DATASET ENTRIES:
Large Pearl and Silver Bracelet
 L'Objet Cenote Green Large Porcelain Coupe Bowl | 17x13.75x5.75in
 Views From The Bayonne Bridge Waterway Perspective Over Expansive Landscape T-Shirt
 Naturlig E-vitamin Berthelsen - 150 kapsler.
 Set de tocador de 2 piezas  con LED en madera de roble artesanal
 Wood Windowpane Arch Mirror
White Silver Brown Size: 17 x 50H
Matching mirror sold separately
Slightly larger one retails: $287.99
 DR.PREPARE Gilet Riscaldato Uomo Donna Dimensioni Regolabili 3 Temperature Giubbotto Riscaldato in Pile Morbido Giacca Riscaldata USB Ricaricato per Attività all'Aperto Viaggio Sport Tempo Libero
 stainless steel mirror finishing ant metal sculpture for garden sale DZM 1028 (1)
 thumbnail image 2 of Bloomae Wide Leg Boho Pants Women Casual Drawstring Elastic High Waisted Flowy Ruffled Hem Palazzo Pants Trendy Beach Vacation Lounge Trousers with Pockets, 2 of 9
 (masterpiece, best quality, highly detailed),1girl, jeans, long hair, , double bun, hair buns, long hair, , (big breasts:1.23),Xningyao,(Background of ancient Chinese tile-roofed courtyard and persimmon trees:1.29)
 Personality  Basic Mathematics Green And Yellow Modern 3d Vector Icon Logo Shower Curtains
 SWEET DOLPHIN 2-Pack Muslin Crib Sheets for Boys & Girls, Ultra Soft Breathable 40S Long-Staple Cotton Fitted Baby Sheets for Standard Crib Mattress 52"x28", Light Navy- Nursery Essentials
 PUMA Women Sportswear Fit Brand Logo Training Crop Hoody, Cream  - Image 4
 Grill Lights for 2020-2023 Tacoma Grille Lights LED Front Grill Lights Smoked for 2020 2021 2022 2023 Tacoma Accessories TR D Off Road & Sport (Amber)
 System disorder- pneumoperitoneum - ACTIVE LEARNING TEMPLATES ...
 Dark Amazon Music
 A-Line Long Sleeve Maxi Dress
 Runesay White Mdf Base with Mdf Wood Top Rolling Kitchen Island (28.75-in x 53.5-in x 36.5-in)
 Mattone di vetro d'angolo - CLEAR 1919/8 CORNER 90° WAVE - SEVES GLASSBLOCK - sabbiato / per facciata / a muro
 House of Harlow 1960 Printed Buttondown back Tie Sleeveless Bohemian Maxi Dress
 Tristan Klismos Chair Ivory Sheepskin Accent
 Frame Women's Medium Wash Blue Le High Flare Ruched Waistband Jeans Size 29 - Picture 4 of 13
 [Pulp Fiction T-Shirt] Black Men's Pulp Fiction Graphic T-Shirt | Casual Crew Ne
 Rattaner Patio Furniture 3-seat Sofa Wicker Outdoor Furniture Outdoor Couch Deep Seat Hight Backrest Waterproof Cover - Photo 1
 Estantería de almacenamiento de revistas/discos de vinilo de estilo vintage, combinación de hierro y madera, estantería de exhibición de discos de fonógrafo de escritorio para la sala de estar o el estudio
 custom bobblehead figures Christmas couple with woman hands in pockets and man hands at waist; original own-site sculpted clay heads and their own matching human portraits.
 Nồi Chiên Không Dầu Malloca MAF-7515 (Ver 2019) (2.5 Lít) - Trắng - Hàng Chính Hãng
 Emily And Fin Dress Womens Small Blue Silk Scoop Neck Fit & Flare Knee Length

TASK INSTRUCTIONS:
Reprint exactly the lines above that start at the one with "DR.PREPARE Gilet Riscaldato" and end at the one with "stainless steel mirror", keeping both and adding none.

SOLUTION TO THIS PROBLEM:
 DR.PREPARE Gilet Riscaldato Uomo Donna Dimensioni Regolabili 3 Temperature Giubbotto Riscaldato in Pile Morbido Giacca Riscaldata USB Ricaricato per Attività all'Aperto Viaggio Sport Tempo Libero
 stainless steel mirror finishing ant metal sculpture for garden sale DZM 1028 (1)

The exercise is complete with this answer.